Fig. 3. Variation of base density in ORF DNA with the temperature require for optimal growth of 550 prokaryotic species. (a) The W bases: A, filled circle; T, open circle. (b) The S bases: G, filled square; C, open square. Data in the figure show that all slope (Sl) values are significantly different from zero (P = 0.0009 and less). In addition, slope values for members of each pair are significantly different from each other in (a) P = 0.0005, and in (b) P = 0.0001.

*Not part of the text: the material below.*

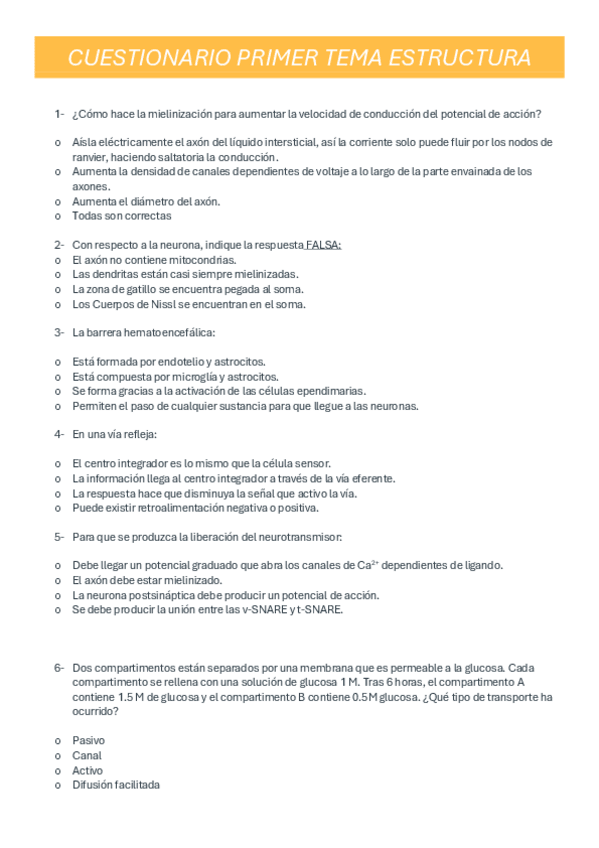 Miniatura del documento CUESTIONARIOS-PRIMER-PARCIAL-ESTRCUTURA.pdf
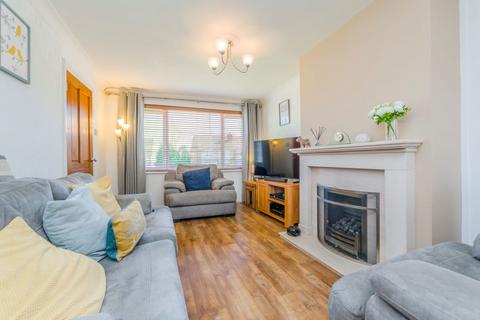 undefined, Pinewood Crescent, Penylan, Cardiff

Contributions of individual bases to ΔW and ΔS

     Individual bases contributed in different ways to the observed changes in ΔW and ΔS in response to increased optimum growth temperature. Fig. 3 shows that the increase in ΔW is derived mainly by an increase in ORF content of A, while T remains relatively constant. On the other hand, the increase in ΔS is derived mainly from a decrease in C, while G remains relatively constant. In essence, as temperature increases, A is traded for C.

    In each of Figures 3a and 3b, the regression lines begin to diverge at low growth temperatures. Thus, at the first codon position, purines are in excess even at low temperatures, and this difference further increases as optimum temperature increases. Accordingly, a distinction can be made between a base-line contribution to purine-loading, and a response to a further pressure to purine-load, in the present case arising from an increase in growth temperature. 

Fig. 4.

 Variation of base density in different codon positions with the temperature required for the optimal growth of 550 prokaryotic species. Linear regression parameters shown outside the figures are as in Figure 1. The probabilities that the slopes of the two lines in each figure are not significantly from each other are shown within the figure. For other details see Figure 3.

    Fig. 4 shows that, while A-for-C trading is true for all codon positions, the major contribution to ΔW and ΔS is in the first codon position. However, the major response to increasing optimum growth temperature is in the third codon position (greatest positive slope for A, and greatest negative slope for C).

    The difference between the slopes for each pair of Chargaff bases is highly significant in the case of first codon positions (Figs. 4a, d; P<0.0001), and second codon position S bases (Fig. 4e; P <0.0001). The difference is significant in the case of third codon positions, but here purines do not exceed pyrimidines until 63°C (W bases; Fig. 4c) and 71°C (S bases; Fig. 4f). There is no significant increase in second codon position ΔW with growth temperature (Fig. 4b), although purines are generally in excess of pyrimidines. There is symmetry in positive and negative slope values for the non-Watson-Crick base pairs (A and C; T and G), which is particularly apparent in third codon positions (e.g. A3, 2.16; C3, -2.14; T3, 0.91; G3, -0.93).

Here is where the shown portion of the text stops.